A NIST blog from the Center for AI Standards and Innovation
In December, CAISI published a write-up on how AI models can cheat on agentic evaluations, including lessons from our experience building and using AI-enabled transcript analysis tools to find and fix examples of cheating from our evaluations.
In that post, we highlighted the potential of AI-enabled transcript analysis tools to help evaluators scale their capacity to detect measurement issues in evaluations — particularly as they evaluate agentic AI systems that can work on tasks for longer periods of time. We emphasized the need for continued collaboration on shared practices and tooling to help the evaluation community adopt, scale and improve transcript review practices.
Recently, we contributed several of the practices and takeaways we identified in our research to a new joint research paper with the UK AI Security Institute and other AI evaluators. The paper outlines a multi-step process for building and using transcript review tools, from preparing log data to designing and validating a scanner in an iterative loop. At each step, it provides concrete examples and implementation considerations, based on experiences and takeaways aggregated from evaluators’ different transcript analysis projects and use cases.
The paper also includes implementation case studies using a new open-source transcript analysis framework, Inspect Scout, built by the UK AISI working closely with Meridian Labs.

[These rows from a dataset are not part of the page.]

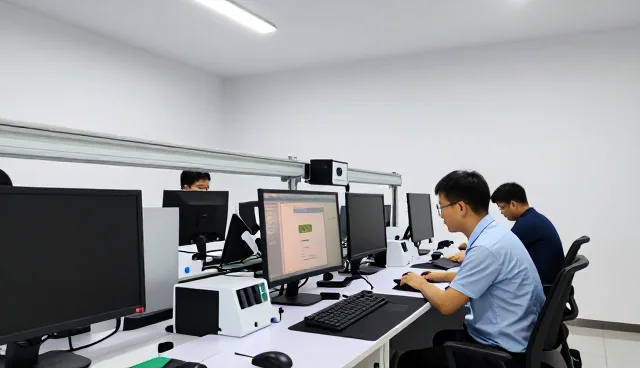 社交类APP
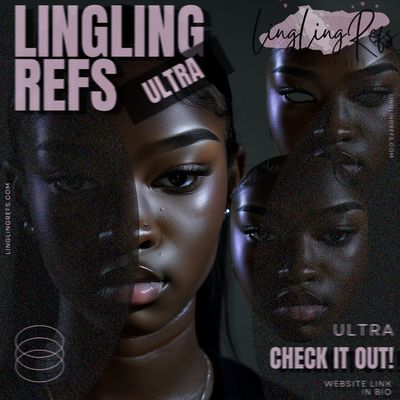 Ultra Teen Reference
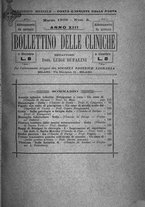 giornale/TO00179173/1896/unico/00000109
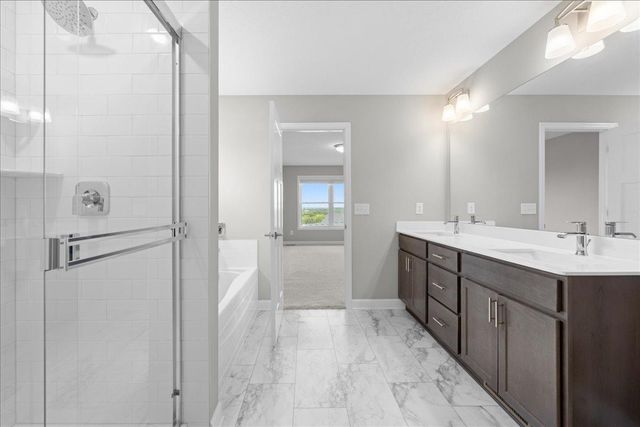 819 Spancil Hill View, Woodbury, MN 55129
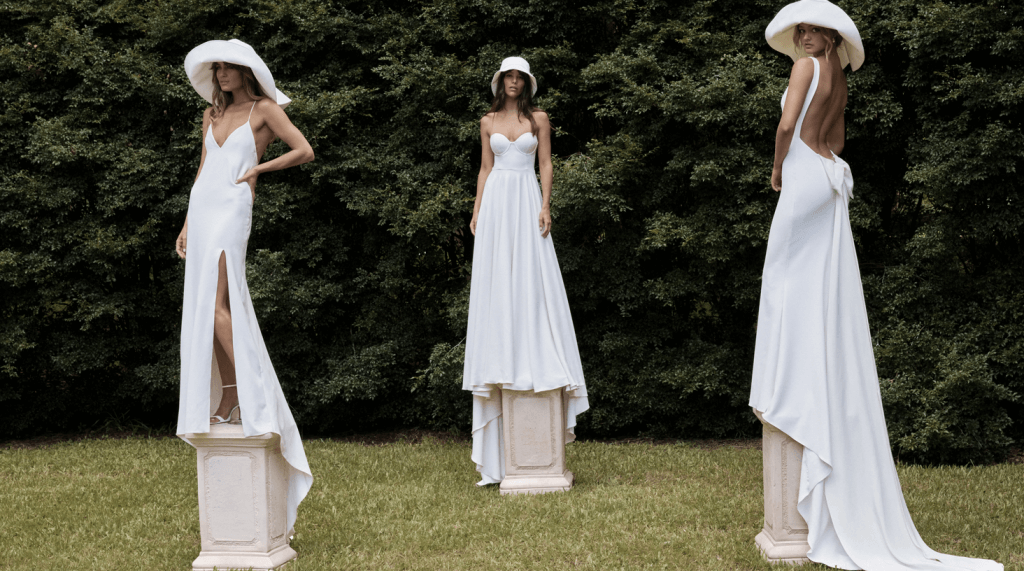 Unveiling the Elegance of GraceLoves Lace Wedding Dresses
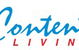 Content Living - The Home Builders - thumb 0
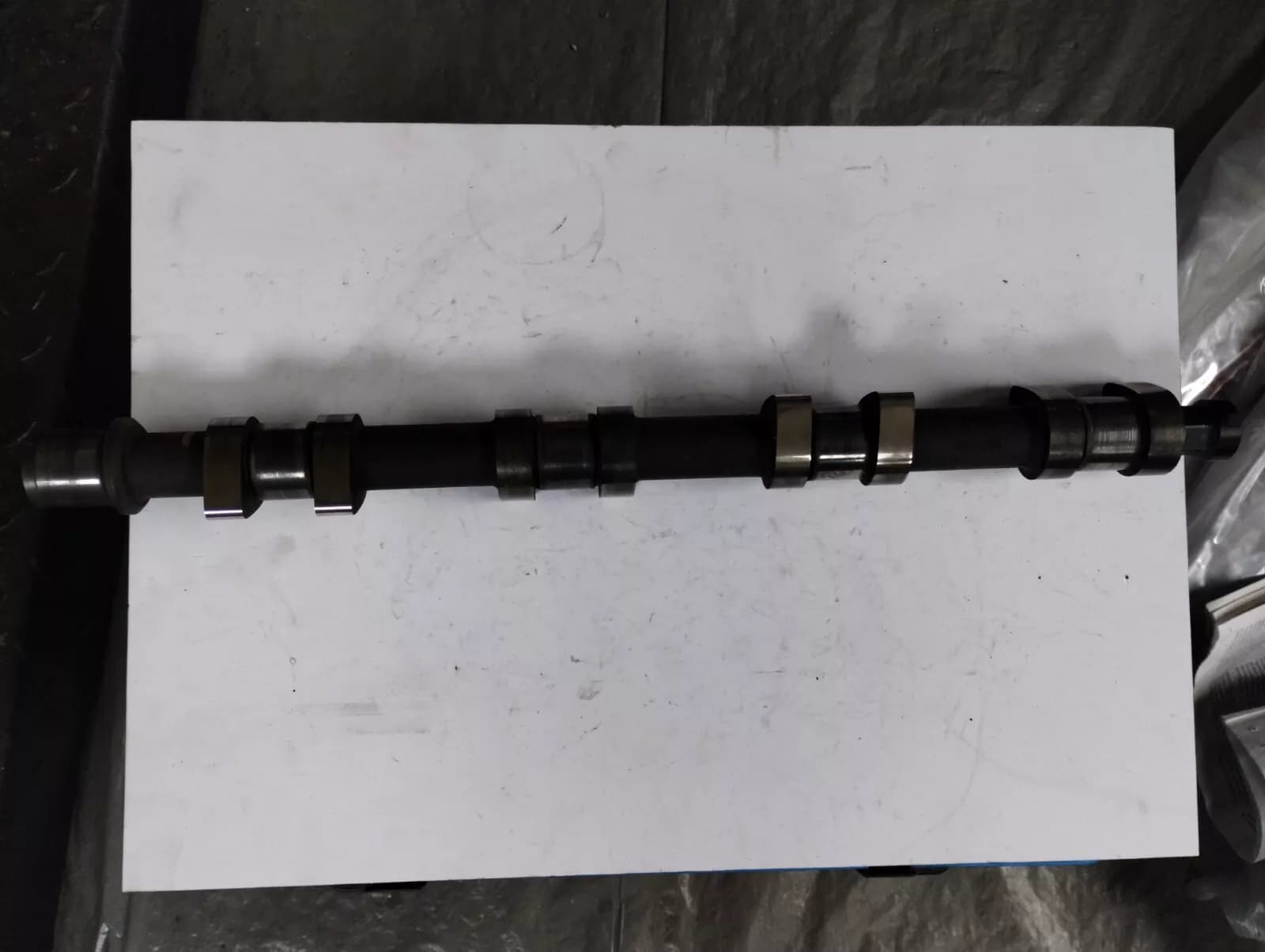 SAAB Camshaft, No:914564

We’ve been able to collaborate with the developers to inform the design of features based on our own use cases, and are excited to see the development of more technical frameworks and tools that can help enable the wider adoption of transcript analysis by the AI evaluation community.
We’re excited to share these collaboratively developed examples and practices to aid other evaluators, and to continue our work to contribute to frameworks, tools, and practices that can help advance more rigorous, valid, and impactful AI measurement science.